Notable trabajo físico (ese cuerpo corroído por la sífilis, con los pies
destrozados), poderosa dicción, claro dibujo de un personaje airado y burlón,
alucinado y doliente. Te lleva de la nariz a donde quiere: escucharle alternar
los pasajes de los Sueños, que
hacen pensar en un recontratatarabuelo de Céline, con los sonetos amorosos o
las sátiras censorias es un auténtico regalo. Ferran
Vilajosana es un joven galeno que rechaza y a la vez reverencia
el ingenio de sus demoledoras chanzas al gremio médico. Lucía Quintana tiene un
papel bombón: una enfermera en la que Quevedo cree ver a Aminta, su amor
italiano.

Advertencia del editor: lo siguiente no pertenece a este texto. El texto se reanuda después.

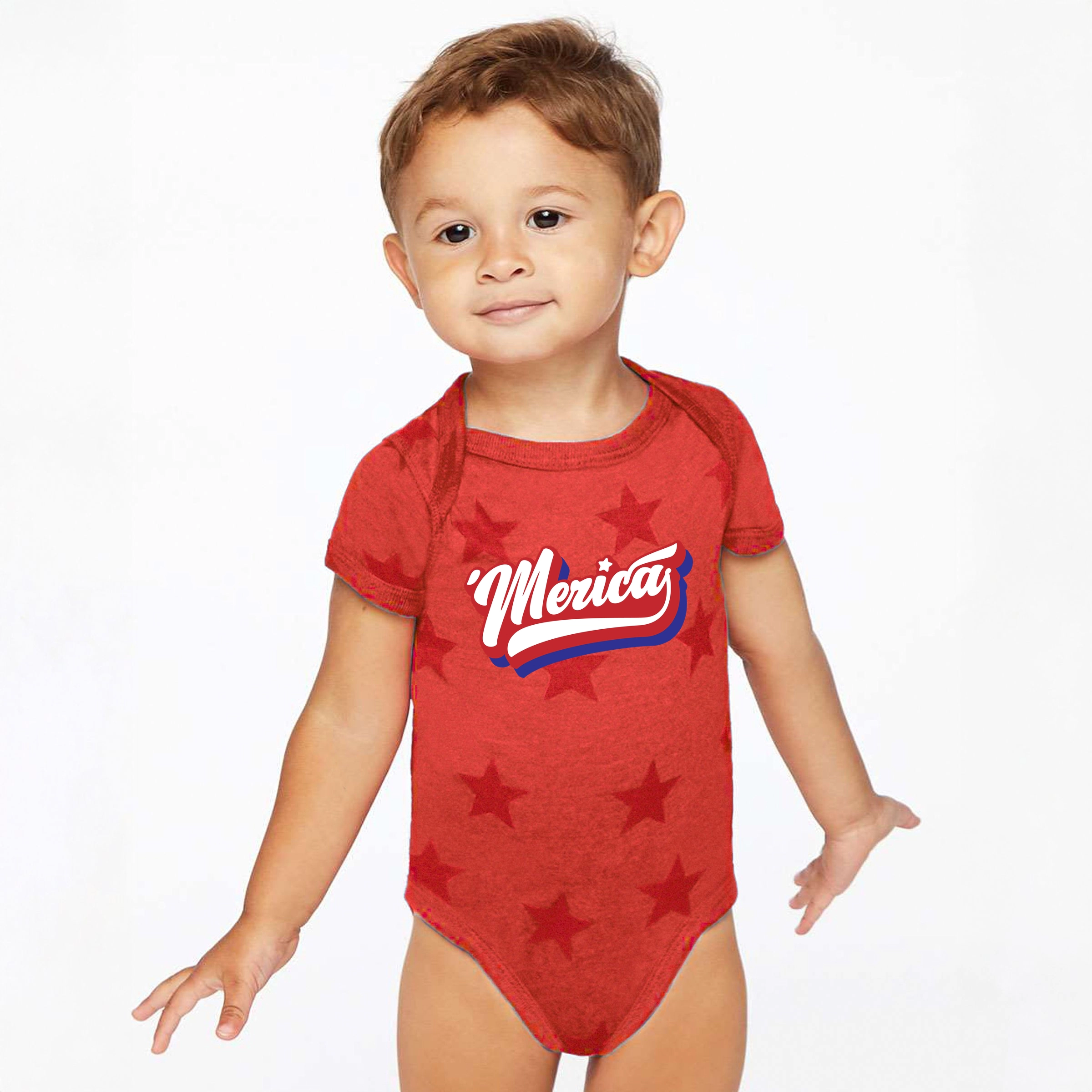 The Juniper Shop - 'Merica Retro Baby Short Sleeve Star Bodysuit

En su delirio, él quiere que ella recuerde los poemas que le dedicó,
y así vuelan juntos recitándose esas joyas, culminadas, como no podía ser
menos, con “Cerrar podrá mis ojos”. Y hay un trasluz de Heiner Müller cuando
ella le susurra: “Siempre amé tu parte más deforme”. Sugerencias: creo que a
Echanove no le hace falta subrayar con tono o gesto (en ciertos momentos) la
trascendencia de lo que dice, del mismo modo que Lucía Quintana tiene sobrada
belleza física y verbal como para deslizarse (de nuevo: en ciertos momentos)

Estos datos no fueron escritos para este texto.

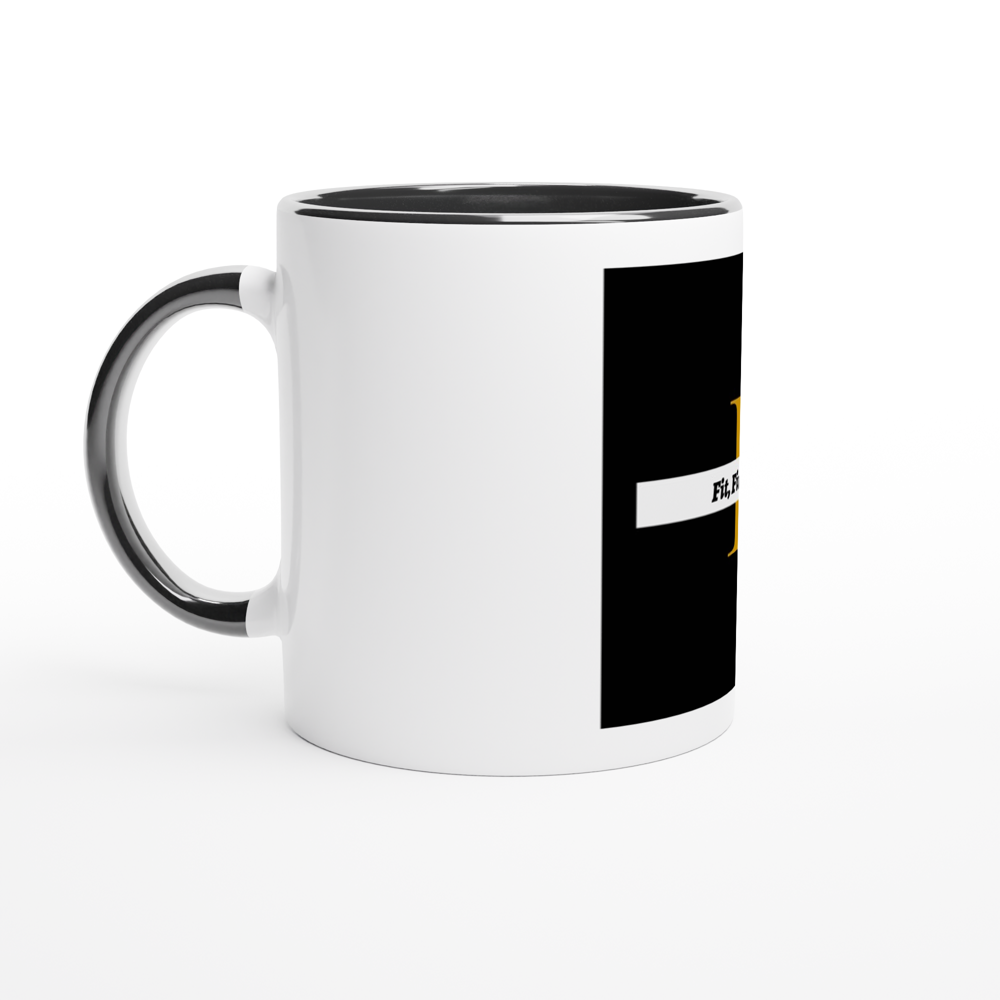Fit, Fine, Peace White 11oz Ceramic Mug with Color Inside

hacia una innecesaria zalamería.
Echanove está enorme: notable trabajo
físico, poderosa dicción, claro dibujo de un personaje airado y burlón. El
infierno blanco y algunos de sus habitantes me evocan el teatro de Nieva: a don
Francisco Bis le hubiera gustado esa decadente principessa perfumada
con Eau de Guermantes que sirve con sorna Abel Vitón. En pareja clave
esperpéntica, Antonia Paso es la portera de las zahúrdas y la Envidia (vestida
de amarillo: otro desafío). Óscar de la Fuente, actor de sobrados recursos (ahí
está su matizado Cardenal), sirve un Diablo con zumba y poderío. Ya sé que el
bicho pide desmesura, pero quizás no haga falta acercarla tanto a la del doctor
Frank-N-Furter de The Rocky Horror Picture Show.
Llega luego la Señora Muerte, para que la descomunal Marta Ribera
se luzca con una guadañera carnal, vitalísima, que dice textos redondos y
soberbiamente colocados: me gustó una barbaridad.
Quevedo va a encontrarse ahí abajo con el espectro de don Pedro
Téllez-Girón, duque de Osuna y gran señor de Sicilia, su protector, otro
notable trabajo de Markos Marín, que con similar sobriedad borda el perfil de
don Enrique de Villena, el Nigromante: con ambos sostiene bellos diálogos sobre
el pasado ido y el irremediable declive de la España de los Austrias. Cabe
destacar también la cita con el Desengaño, viejo y ciego pero lúcido, a cargo
de Eugenio Villota (también muy medido como el fiel Montalbán), o el triple rol
de Chema Ruiz: en el infierno será Judas, y el Hombre a secas, desnortado y
amargo, y el esclavo negro mencionado al principio. La escena última es una
preciosidad. Tras la omnipresencia del blanco llega la oscuridad para tintar indumentaria
y lecho del poeta, que muere quijotescamente en brazos de Aminta, y hay que ver
y escuchar a Quintana y Echanove despidiéndose con las más bellas frases de los
sonetos. Vera y Collado parecen tan fascinados por Quevedo que tal vez han
querido meter demasiadas cosas en la bolsa, desbordándola. Algunas podas no le
vendrían mal al texto: creo que ya están en ello. El público, puesto en pie,
aplaude el talento, el riesgo y la entrega de estos Sueños. Y yo me sumo.